Four are structural. Most Middle East Muslim audiences get their news through state-dominated media that greatly distorts reality. The samizdat and internet alternatives are often even more distorted and dominated by conspiracy theories. A revealing piece of journalism came straight after the speech when CNN's Stan Grant sought reaction at an elite university in Afghanistan. One articulate young woman who spoke good English informed Grant that the previous US president, Bush, was Jewish and supported the Taliban. Other students believe Obama is a Muslim.

The Islamic world is very diverse and Afghanistan is hardly representative. But the fog of absolute distortion and misrepresentation throughout the Islamic world will make it hard for Obama to change the US's image there.

This leads to structural problem No.2. There is no comprehensive US-based communications effort with Muslims in the way there was with people living under communism during the Cold War. The parallels are very imperfect and Islam is not remotely the same as communism. But there is a parallel in this one sense. The US needs to communicate the truth to hundreds of millions of people who cannot get the truth from the mainstream media in the societies in which they live. So far, official US efforts at this giant, historic task have been fitful, confused and under-resourced.

Third, the speech, in part because of its studied ambiguity on many key points, will generate unrealistic expectations among Muslims. They believe the US needs to change, not them. But Obama is actually promising the continuation of all US policies in substance, with only a change in the tone and rhetoric. That is the right thing for Obama to do, but eventually all the policies that millions of Muslims hate will continue, and they will continue to hate these policies and may even come to hate Obama for leading them to expect something different.
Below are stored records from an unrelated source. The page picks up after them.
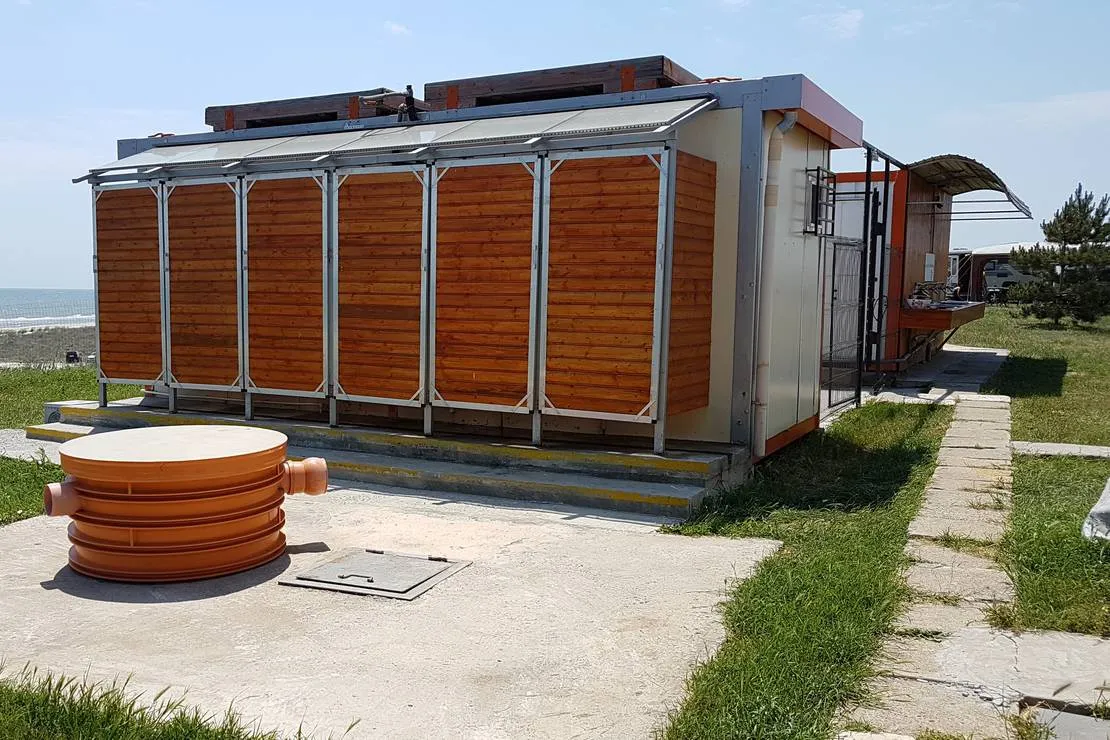 camping-malul-marii-corbu-romania-corbu-4oqiv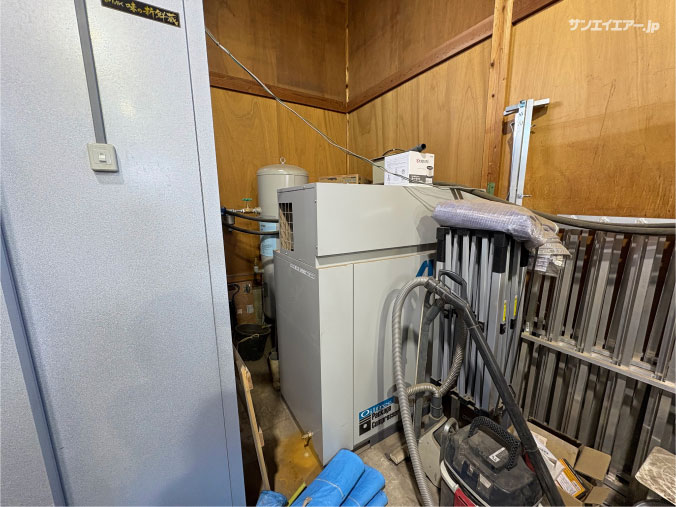 ネギの皮むき機用オイルフリー7.5kw(10馬力)コンプレッサー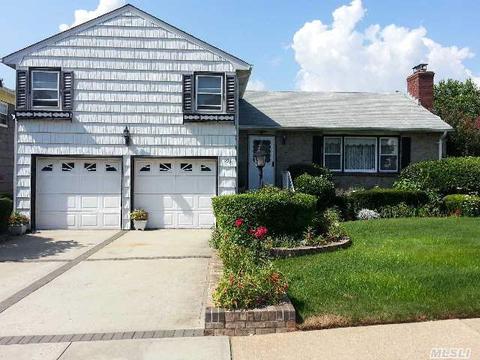 793 Barth Dr, Baldwin, NY 11510 photo 1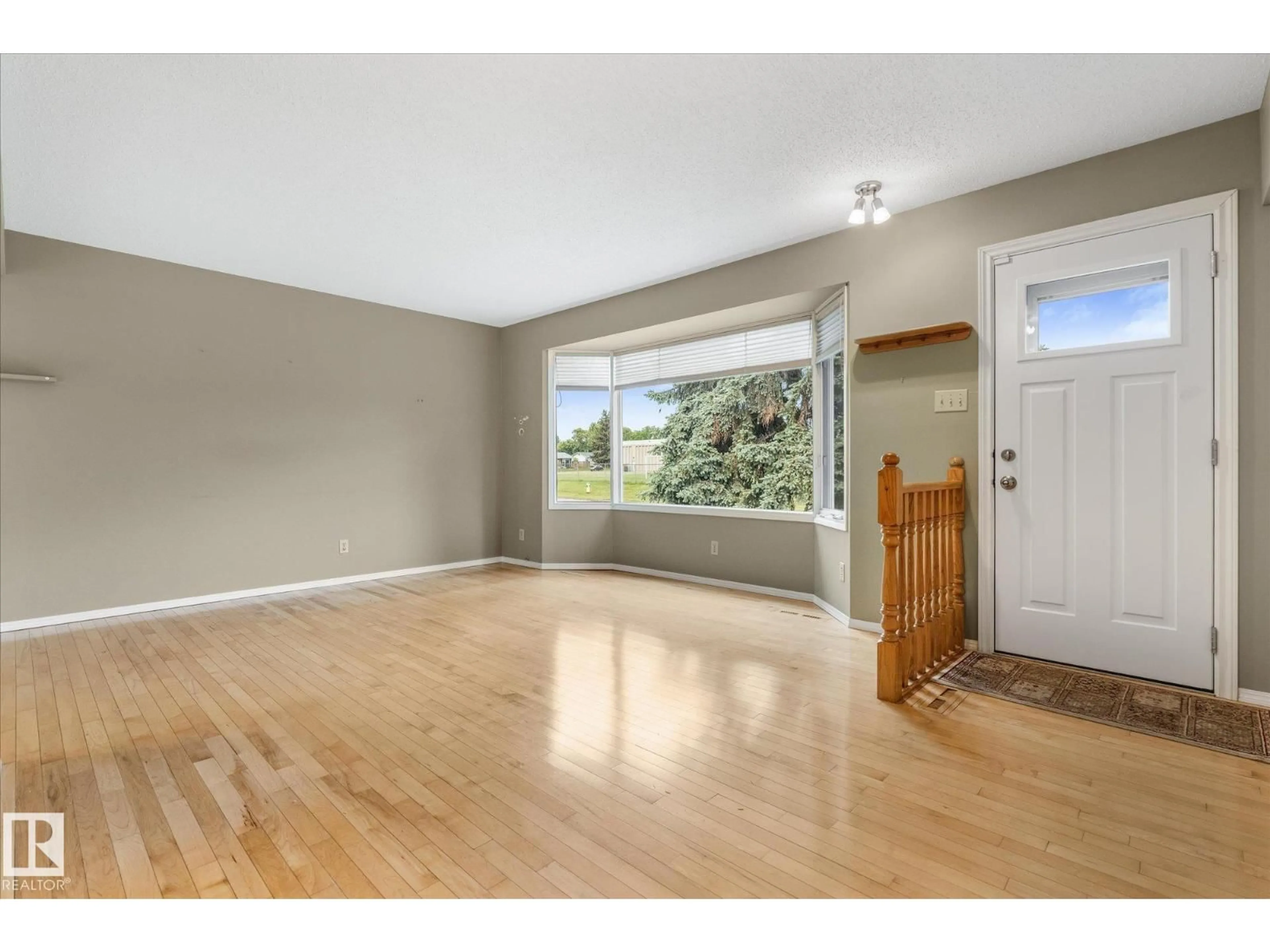 Indoor entryway for 5927 138 AV, Edmonton Alberta T5A1E4
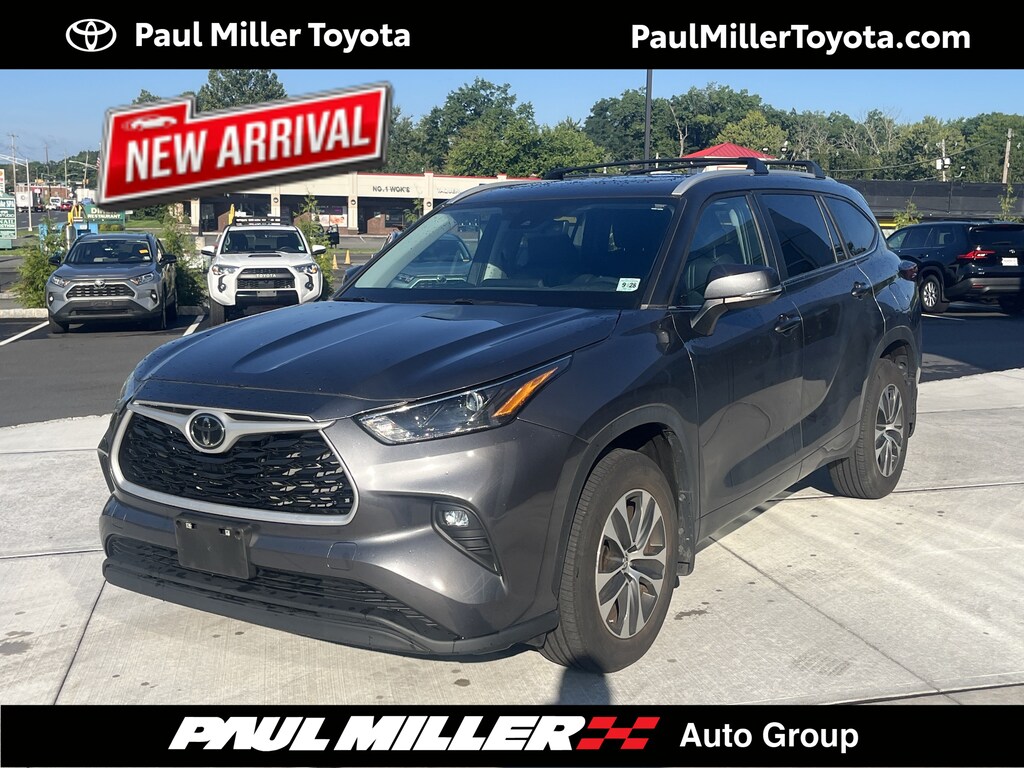 Used 2023 Toyota Highlander XLE XLE AWD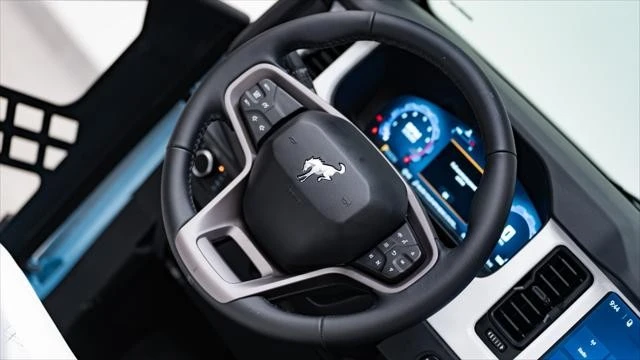 2026 Ford Bronco 6th Gen - Image 17 of 21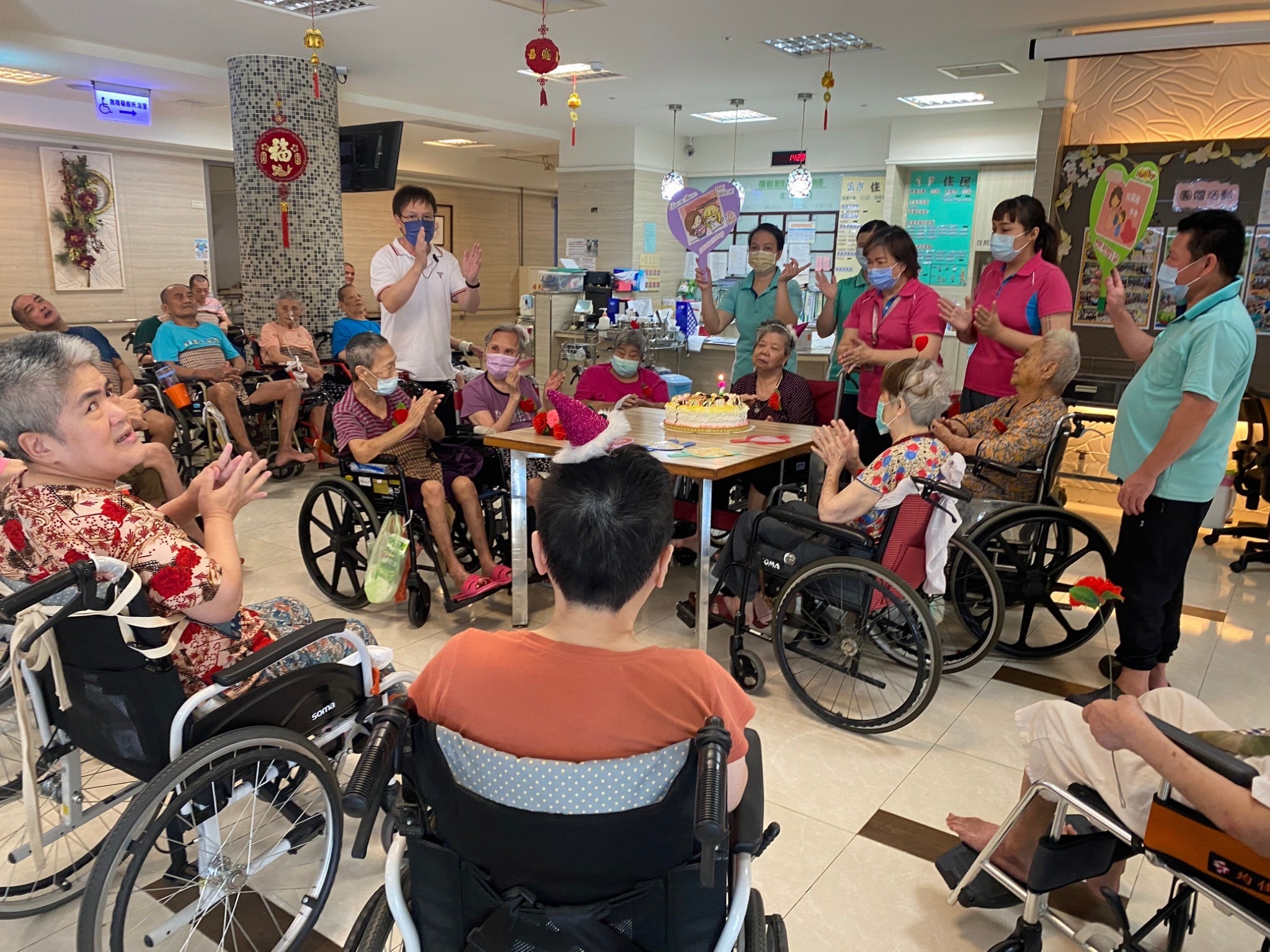 慶祝母親節暨預防呼吸道疾病_新冠XBB疫苗接種宣導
Nonetheless, it is right for Obama to make the effort.

Finally, Obama seemed to accede to the idea that the Israeli-Palestinian dispute is the heart of the US-Islam problem. This, as Obama knows, is nonsense and he acknowledged as much by asking Muslim leaders to stop using it as a distraction from other issues in their own societies.

Beyond these structural problems there were some frankly weird little bits to the speech. Obama constantly defended the right of Muslim women to wear the hijab but never defended the right of Muslim women not to wear the hijab. This is really and truly deeply dumb and is a typical State Department style mistake, in which the US defines Islam in a way that concedes the purely internal Islamic arguments about practice and lifestyle to the most conservative elements. This is not cultural sensitivity, it's American stupidity.

Similarly, while Obama is a strong defender of Israel, including in this speech, he did not defend it as a democracy, which is the real basis for its US support. The passages on the need for Islamic societies to be tolerant of their own religious minorities were also a bit strange. He nominated the Copts in Egypt, which was fair enough, but then added the Maronites in Lebanon. So Lebanon now is an Islamic state that must be tolerant of the Maronite minority, who were once the majority, of course, until they were in effect driven out of their homeland. And bizarrely there was no mention of the shocking persecution of the Baha'is in Iran, one of the most egregious of all the cases of sustained religious persecution.

The lame speechmaker's tendency to equate all sides of every dispute also seemed to see an equivalence between defects in American civil society and systemic dictatorship in the Arab world, and between faults in Israeli democracy and decades of terrorism, anti-Semitism and maximalist rejectionism by Palestinian leaders.

There was also a lot of ambiguity in key passages. The section on Israeli settlements was quite opaque, for all its seeming boldness, and may even constitute a walk back from recent pressure on Israel. It's hard to know.

Bottom line, Obama made a good pitch: it's just not absolutely certain in all respects what he's selling or whether anyone will buy it.